▸ What is expected
Type out the complete listing below word for word, without its pictures.

▸ Given information

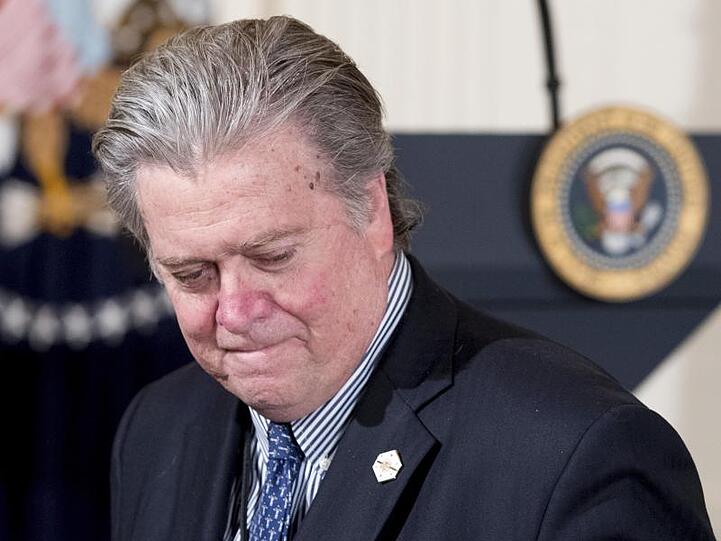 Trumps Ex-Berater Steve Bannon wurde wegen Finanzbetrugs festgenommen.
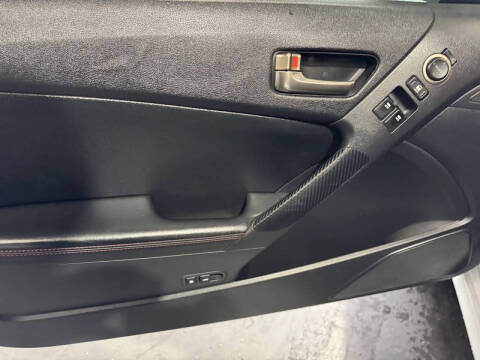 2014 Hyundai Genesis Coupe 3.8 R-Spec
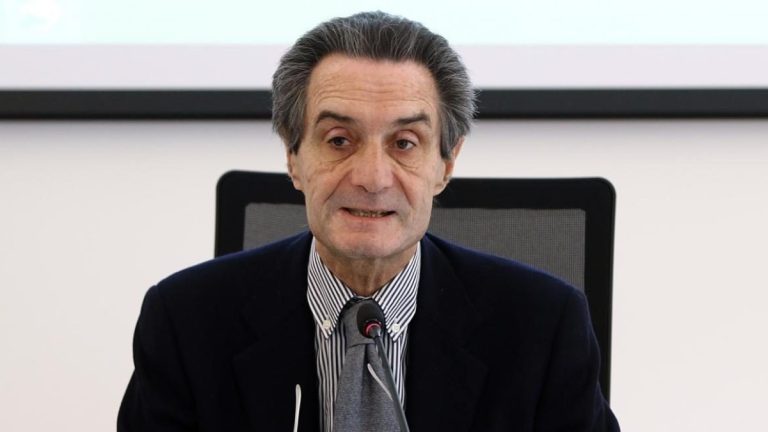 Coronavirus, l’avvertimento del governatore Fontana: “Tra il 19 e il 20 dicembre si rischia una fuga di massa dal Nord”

▸ Task result
 Trumps Ex-Berater Steve Bannon wurde wegen Finanzbetrugs festgenommen.
 2014 Hyundai Genesis Coupe 3.8 R-Spec
 Coronavirus, l’avvertimento del governatore Fontana: “Tra il 19 e il 20 dicembre si rischia una fuga di massa dal Nord”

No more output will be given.